Crawled caption data:
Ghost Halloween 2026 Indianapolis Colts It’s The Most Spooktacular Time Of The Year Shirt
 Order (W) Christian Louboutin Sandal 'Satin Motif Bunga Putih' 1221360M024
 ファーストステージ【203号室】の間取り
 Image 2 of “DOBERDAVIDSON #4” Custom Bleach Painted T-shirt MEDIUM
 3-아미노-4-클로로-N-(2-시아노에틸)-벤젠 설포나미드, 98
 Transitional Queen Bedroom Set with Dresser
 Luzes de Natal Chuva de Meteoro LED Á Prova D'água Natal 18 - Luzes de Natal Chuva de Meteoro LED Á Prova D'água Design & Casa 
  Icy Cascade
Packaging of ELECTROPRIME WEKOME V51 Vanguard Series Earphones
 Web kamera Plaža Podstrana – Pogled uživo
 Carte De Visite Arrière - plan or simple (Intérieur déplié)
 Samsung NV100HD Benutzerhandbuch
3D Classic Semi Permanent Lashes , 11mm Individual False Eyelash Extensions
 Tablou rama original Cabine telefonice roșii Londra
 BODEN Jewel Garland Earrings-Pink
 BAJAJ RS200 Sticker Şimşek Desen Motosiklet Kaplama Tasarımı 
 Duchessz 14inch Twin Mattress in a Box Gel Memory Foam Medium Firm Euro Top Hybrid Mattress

**Work request**
Please write out, exactly as they appear, the line that contains "Painted T-shirt MEDIUM" and every line after it up to the end of the entries above, and no others.

**Answer**
 Image 2 of “DOBERDAVIDSON #4” Custom Bleach Painted T-shirt MEDIUM
 3-아미노-4-클로로-N-(2-시아노에틸)-벤젠 설포나미드, 98
 Transitional Queen Bedroom Set with Dresser
 Luzes de Natal Chuva de Meteoro LED Á Prova D'água Natal 18 - Luzes de Natal Chuva de Meteoro LED Á Prova D'água Design & Casa 
  Icy Cascade
Packaging of ELECTROPRIME WEKOME V51 Vanguard Series Earphones
 Web kamera Plaža Podstrana – Pogled uživo
 Carte De Visite Arrière - plan or simple (Intérieur déplié)
 Samsung NV100HD Benutzerhandbuch
3D Classic Semi Permanent Lashes , 11mm Individual False Eyelash Extensions
 Tablou rama original Cabine telefonice roșii Londra
 BODEN Jewel Garland Earrings-Pink
 BAJAJ RS200 Sticker Şimşek Desen Motosiklet Kaplama Tasarımı 
 Duchessz 14inch Twin Mattress in a Box Gel Memory Foam Medium Firm Euro Top Hybrid Mattress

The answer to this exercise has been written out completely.